We also construct a mean residual network Diff by computing the mean Z-score for each edge in all patient networks individual,i
Figure BDA0003494343350000082
Where j is the patient index number, N p Is the total number of patients.
Calculating mean residual error network Diff individual,i Group-level differentiated network Diff group,i Pearson correlation coefficient therebetween.
(4) Personal network and single organ analysis
We constructed a single connection network for a subject discharged from Covid-19 and a patient with digestive tract bleeding. The variation of the SUV is quantified in terms of the network intensity of the organ to reveal the ability of the proposed method to reveal organ level abnormalities.
Specifically, the analysis results are as follows:
(1) Control homogeneity analysis
Similarity within a group is measured by averaging the correlation coefficient of the Z-score between any pair of networks. The similarity coefficient was 0.921 ± 0.133, indicating that the inter-subject variability between the control groups was low. A resampling process was performed to quantify the repeatability between these refnets by averaging the Z-fractional correlation coefficients (0.872 ± 0.152) between any pair of networks. This indicates that the method is robust to the selection of the control object. We further performed a resampling test on the sensitivity of the control group sample size. For sample sizes 10,15,18,20,22 and 24, the overall average similarity relative to sample size 30 was 0.58 ± 0.18,0.70 ± 0.157,0.79 ± 0.142,0.89 ± 0.126,0.92 ± 0.124 and 0.97 ± 0.102, respectively. This indicates that as the number of subjects increases, the mean similarity increases and the corresponding variance decreases. The more samples in the control group, the more stable the proposed method. The data for 24 healthy subjects used in this example is sufficient to construct the control group.

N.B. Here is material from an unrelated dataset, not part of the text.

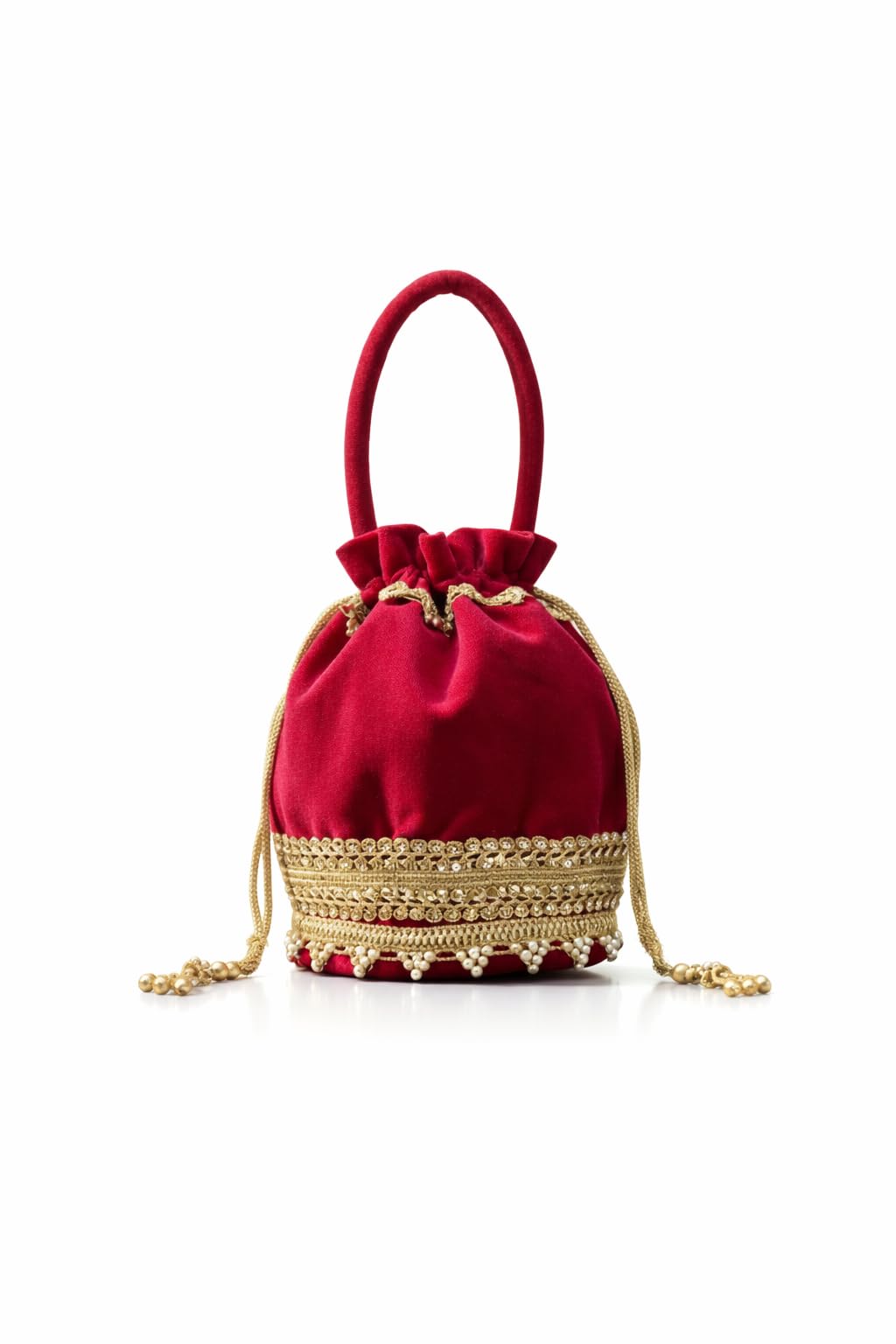 Premium Velvet Potli Bag for Women | Ethnic Bridal Wristlet with Pearl & Golden Lace Work | Designer dark Magenta pink Velvet Potli Bag/Batuaa with Pearl Latkan for Women – Ethnic Party Handbag-image-29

(2) Analysis of group heterogeneity of Lung cancers
The intensity of each individual patient network is significantly different from that in the reference network (P <0.01, bonferroni corrected 153 edges). However, the similarity between patient networks was low, with an average inter-subject Pearson correlation coefficient between paired Z scores for all 153 edges of 0.196 ± 0.182. Despite significant organ-wide heterogeneity among individual patients, the connections that make up the lungs were far more abnormal than the others (FIG. 4, where A is a box plot of the individual network connection strengths across the lungs for the control (i.e., healthy control) and disease (i.e., lung cancer) groups B is the corresponding SUV value (50-60 minutes) in both groups of lungs and the connection strengths from a single network appear to be more able to separate the control and disease groups). The overall burden of structural deviation or the number of significant changes per patient margin reflects the severity of the abnormality.
(3) Network analysis at the personal and community level
The Pearson correlation coefficient between the average residual network Diff _ individual and the group-level difference network Diff _ group obtained by the proposed method is 0.78. This suggests that each subject collectively results in differences in the glucose metabolism levels of the panel, although the heterogeneity of the lung cancer group demonstrates a high degree of heterogeneity between subjects.

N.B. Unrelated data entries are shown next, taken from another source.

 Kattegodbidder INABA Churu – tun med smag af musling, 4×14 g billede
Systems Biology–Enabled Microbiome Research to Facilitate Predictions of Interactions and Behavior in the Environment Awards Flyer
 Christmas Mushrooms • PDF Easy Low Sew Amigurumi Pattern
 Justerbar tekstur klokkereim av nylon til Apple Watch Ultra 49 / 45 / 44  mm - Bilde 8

(4) Personal network and single organ analysis
We constructed a separate connection network for one subject 30 days after discharge from Covid-19 and one patient with unexplained gastrointestinal bleeding, as shown in fig. 5. On the left is the connection matrix for all organs of interest and on the right is the network connection, where the darker lines indicate stronger connections between nodes and the degree of black indicates the strength of a given node. Fig. 5 reveals metabolic connection information between organs. For subjects discharged from Covid-19, the lung, which is the abnormal center, had the strongest joint strength, especially for the left ventricle and brain (B in fig. 5). As shown in fig. 6, intensity was significantly correlated with organ Δ SUV (R =0.973 and R =0.893, p-however 0.05), indicating how much deviation of SUV from control group mean. These show that a single network can reveal metabolic abnormalities at the network and organ level.

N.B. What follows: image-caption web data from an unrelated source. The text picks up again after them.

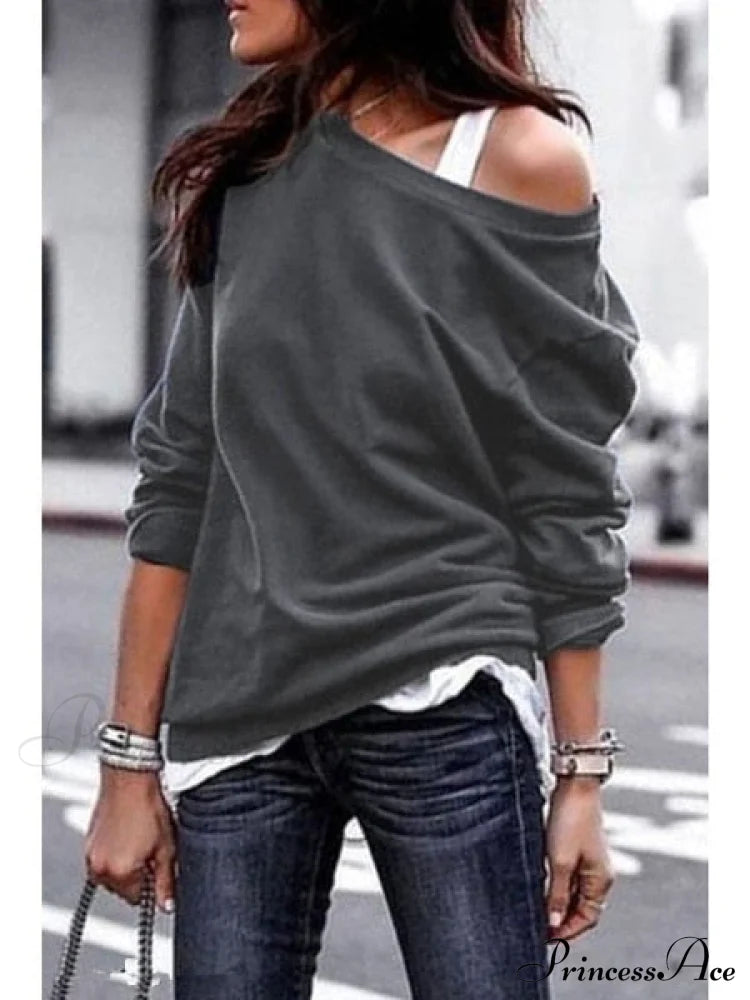 One Sweatshirt Tops Patterned Women’s Heart Shoulder Casual Pullover Top Grey Nq2992 / S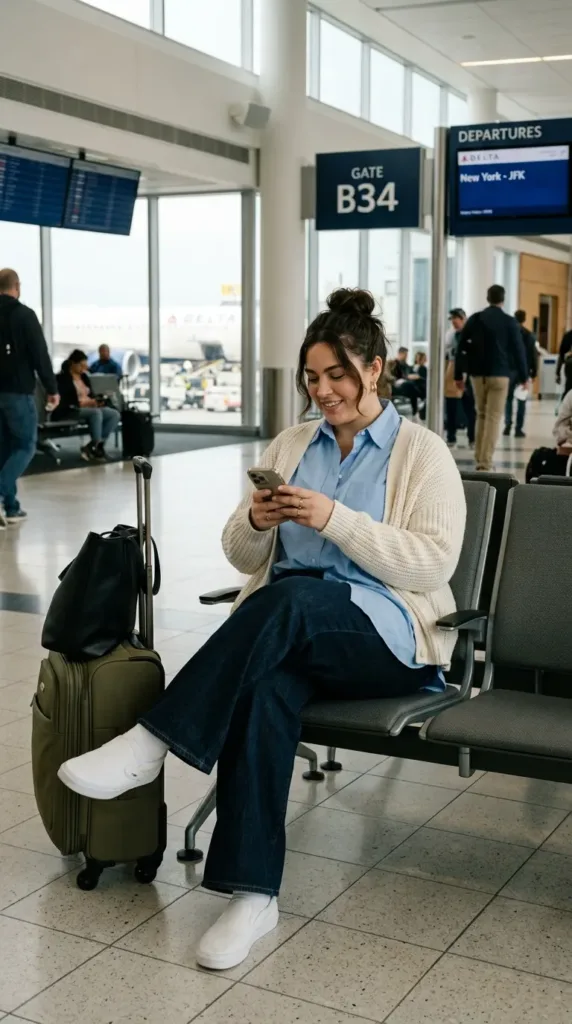 The Long Flight Wide-Leg Denim Look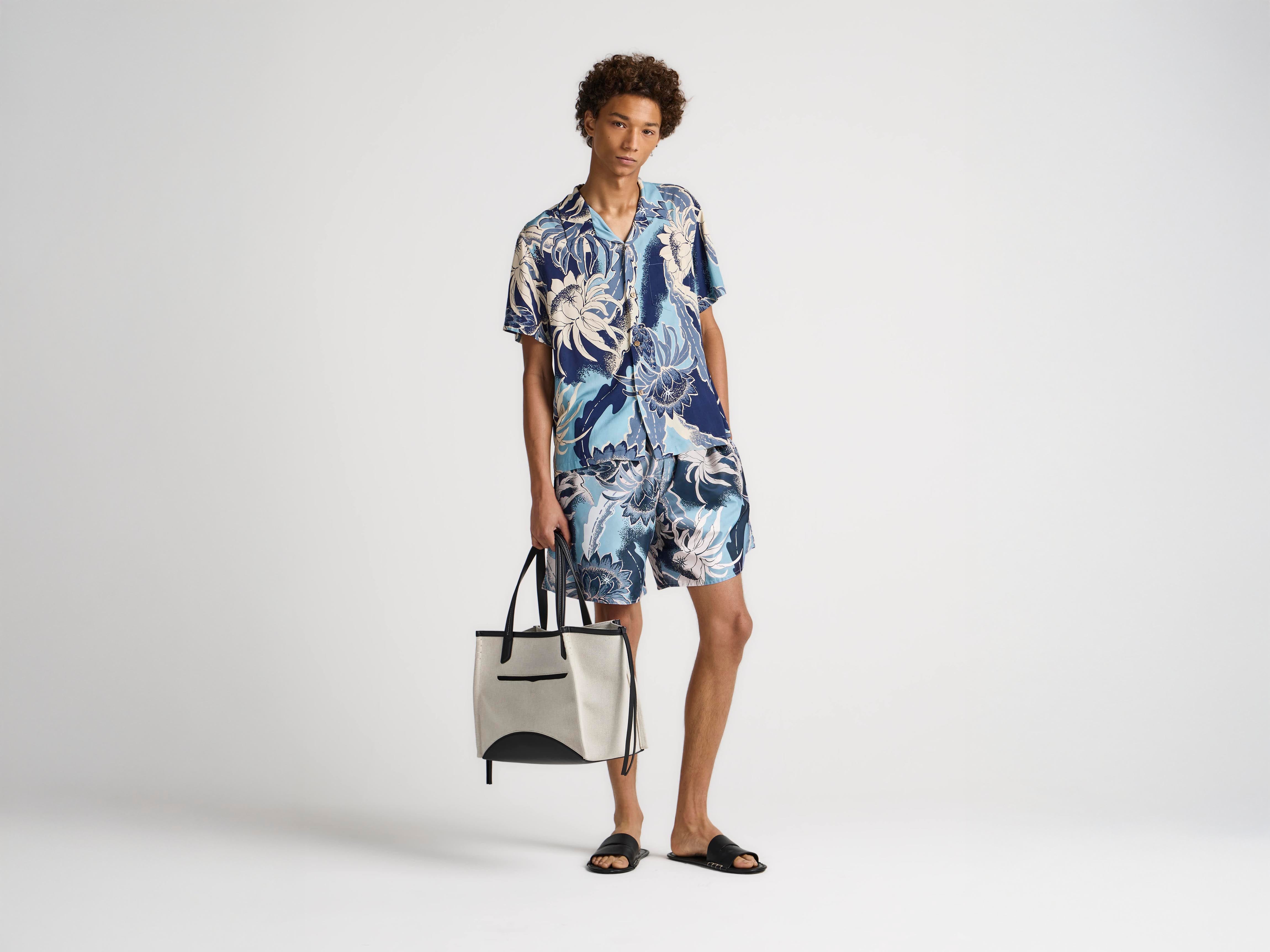 J.W.Anderson Camp Shirt Hemd Sapphire Blue Floral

In summary, we propose a framework to analyze whole-body PET data using network principles, providing a platform to determine metabolic dysfunctions at the systemic level, which is not possible with current analysis. Subtle deviations in metabolic connectivity can be revealed and are highly correlated with SUV measurements at the organ level. The present invention can potentially identify systemic metabolic abnormalities that cannot be derived by traditional population-level methods due to the large heterogeneity between disease groups. This heterogeneity may be due to differences in disease expression or altered system function. In other words, the proposed method is complementary to the conventional method from the network point of view. It should be noted that the proposed method does not provide a true metabolic connection network for scanning, but a perturbation network for the reference network, which reflects the variation between normal and disease samples on the system level. Whole-body SUV PET is typically available for conventional PET imaging, although a set of reference data sets is required. Another method to deduce metabolic networks at the individual level is to use dynamic PET, where the time-activity curves of organs are correlated at the subject level. However, the regional dynamics carry information of non-specific tracer binding and delivery, which may hide the specific interaction of the tracer with its target.
We constructed individual metabolic networks based on PET/CT SUV images. However, our method can be adapted to use other functional parameters, such as net metabolic rate, blood flow, phosphorylation rate when dynamic scans are available. Also, it can be readily applied to non-FDG tracers, such as tracers that visualize neurotransmitters, to reveal abnormalities in brain organ interactions at the subject level.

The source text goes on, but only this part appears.